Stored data
-*-

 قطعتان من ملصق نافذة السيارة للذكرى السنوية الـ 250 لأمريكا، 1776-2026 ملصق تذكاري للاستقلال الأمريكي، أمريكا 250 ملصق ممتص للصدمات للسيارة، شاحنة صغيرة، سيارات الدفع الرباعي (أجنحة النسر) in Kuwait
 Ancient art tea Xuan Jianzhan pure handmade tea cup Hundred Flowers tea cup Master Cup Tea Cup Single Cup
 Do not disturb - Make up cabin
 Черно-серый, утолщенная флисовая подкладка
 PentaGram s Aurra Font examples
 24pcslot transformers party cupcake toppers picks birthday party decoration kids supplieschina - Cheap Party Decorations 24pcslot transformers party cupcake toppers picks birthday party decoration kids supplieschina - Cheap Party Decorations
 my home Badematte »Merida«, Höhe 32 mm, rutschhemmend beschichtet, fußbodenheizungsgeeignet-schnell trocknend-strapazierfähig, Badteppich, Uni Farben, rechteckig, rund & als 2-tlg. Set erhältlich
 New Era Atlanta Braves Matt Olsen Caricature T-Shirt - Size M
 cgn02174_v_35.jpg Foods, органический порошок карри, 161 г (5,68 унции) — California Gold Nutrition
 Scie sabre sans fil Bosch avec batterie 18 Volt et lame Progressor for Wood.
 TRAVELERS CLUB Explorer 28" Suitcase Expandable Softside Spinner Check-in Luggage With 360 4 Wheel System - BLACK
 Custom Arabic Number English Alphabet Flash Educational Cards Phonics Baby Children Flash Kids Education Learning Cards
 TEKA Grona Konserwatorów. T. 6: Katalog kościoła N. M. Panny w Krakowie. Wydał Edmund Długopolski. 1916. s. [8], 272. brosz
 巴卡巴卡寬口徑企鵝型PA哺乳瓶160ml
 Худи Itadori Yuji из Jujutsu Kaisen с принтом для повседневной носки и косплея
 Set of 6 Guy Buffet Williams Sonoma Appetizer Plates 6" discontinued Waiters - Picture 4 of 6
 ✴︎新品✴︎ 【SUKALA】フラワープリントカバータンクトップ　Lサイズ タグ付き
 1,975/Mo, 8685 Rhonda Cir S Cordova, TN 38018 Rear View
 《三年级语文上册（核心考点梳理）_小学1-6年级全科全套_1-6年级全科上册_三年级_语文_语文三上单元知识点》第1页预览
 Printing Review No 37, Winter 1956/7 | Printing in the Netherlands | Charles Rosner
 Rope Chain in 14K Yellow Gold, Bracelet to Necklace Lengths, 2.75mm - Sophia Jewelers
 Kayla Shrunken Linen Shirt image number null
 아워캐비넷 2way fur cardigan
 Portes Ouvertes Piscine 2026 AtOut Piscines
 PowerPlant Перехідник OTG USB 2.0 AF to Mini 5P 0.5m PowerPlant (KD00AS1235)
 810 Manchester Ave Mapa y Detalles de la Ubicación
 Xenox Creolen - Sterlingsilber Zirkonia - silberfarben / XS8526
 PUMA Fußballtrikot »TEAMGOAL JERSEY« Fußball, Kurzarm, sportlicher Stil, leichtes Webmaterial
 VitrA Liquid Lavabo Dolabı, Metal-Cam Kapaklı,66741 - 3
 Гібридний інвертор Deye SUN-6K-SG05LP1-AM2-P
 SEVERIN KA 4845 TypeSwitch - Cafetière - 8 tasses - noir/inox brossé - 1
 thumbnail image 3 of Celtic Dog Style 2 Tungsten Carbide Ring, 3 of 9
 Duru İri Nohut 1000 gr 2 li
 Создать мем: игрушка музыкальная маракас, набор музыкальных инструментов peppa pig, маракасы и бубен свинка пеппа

-*-

* TASK DETAILS
Every line above that holds the word "image" is to be found and copied.

* RESULT FOR THIS TASK
 Kayla Shrunken Linen Shirt image number null
 thumbnail image 3 of Celtic Dog Style 2 Tungsten Carbide Ring, 3 of 9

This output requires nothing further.